Initialize 64-bit variables

Hi all,

Here’s the following C code:

void main()
{
long long int a = 0x7aaabbbb80001111;
}

After the command

riscv64-unknown-elf-gcc-7.1.1 -Dmarch=rv64i -S -o store.s store.c

I get the following asm instruction pair to initialize the variable ‘a’:

    lui     a5,%hi(.LC0)
    ld      a5,%lo(.LC0)(a5)


.LC0:
.dword 8839083632648786193
.ident “GCC: (GNU) 7.1.1 20170509”

Although ‘a’ gets the intended value (0x7aaabbbb80001111 == 8839083632648786193), I do not understand how the lui and ld instructions achieve this.
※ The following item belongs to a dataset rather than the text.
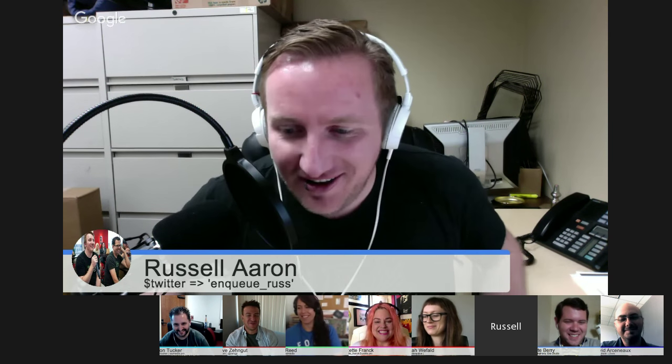First-time caller, long-time listener. My name is Russ. I'm from Vegas. I do the Vegas WordPress meetup stuff — follow me on Twitter.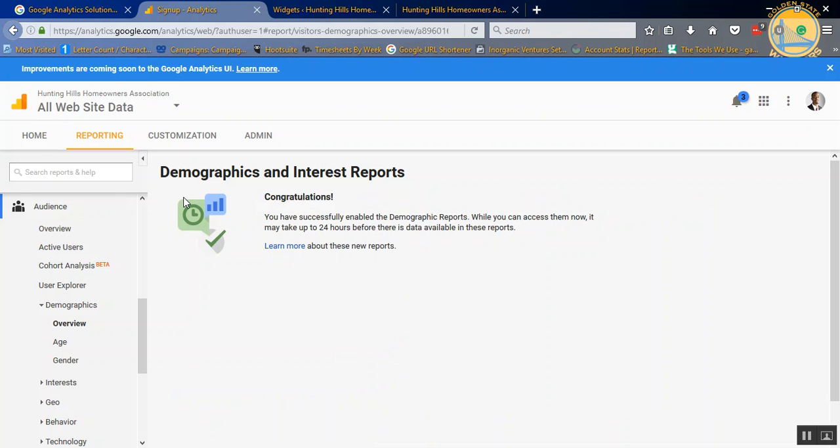Any visitor that comes to your website now, Google uses the data that it already has to give an age and a gender to that traffic. And this is great for if you're seeing that a specific type of age or gender is converting on your website or contacting you or visiting a certain page. This is great information to have.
I.e., what is the exact definition of %hi(.LC0), %lo(.LC0)(a5), .LC0, and .dword?

Thanks,
Ron

You can find instruction definitions in the ISA manual.
https://riscv.org/specifications/
There is a blog that talks about how relocations work
https://www.sifive.com/blog/2017/08/21/all-aboard-part-2-relocations/

Jim

That blog entry about relocations is exactly what I needed, thank you!

I’ve been thinking, during which step of the flow does the constant (0x7aaabbbb80001111 == 8839083632648786193) get written into data memory? So that ld can be used to initialize the variable.

The compiler put the value in a data section. It gets loaded into memory when the program is loaded into memory.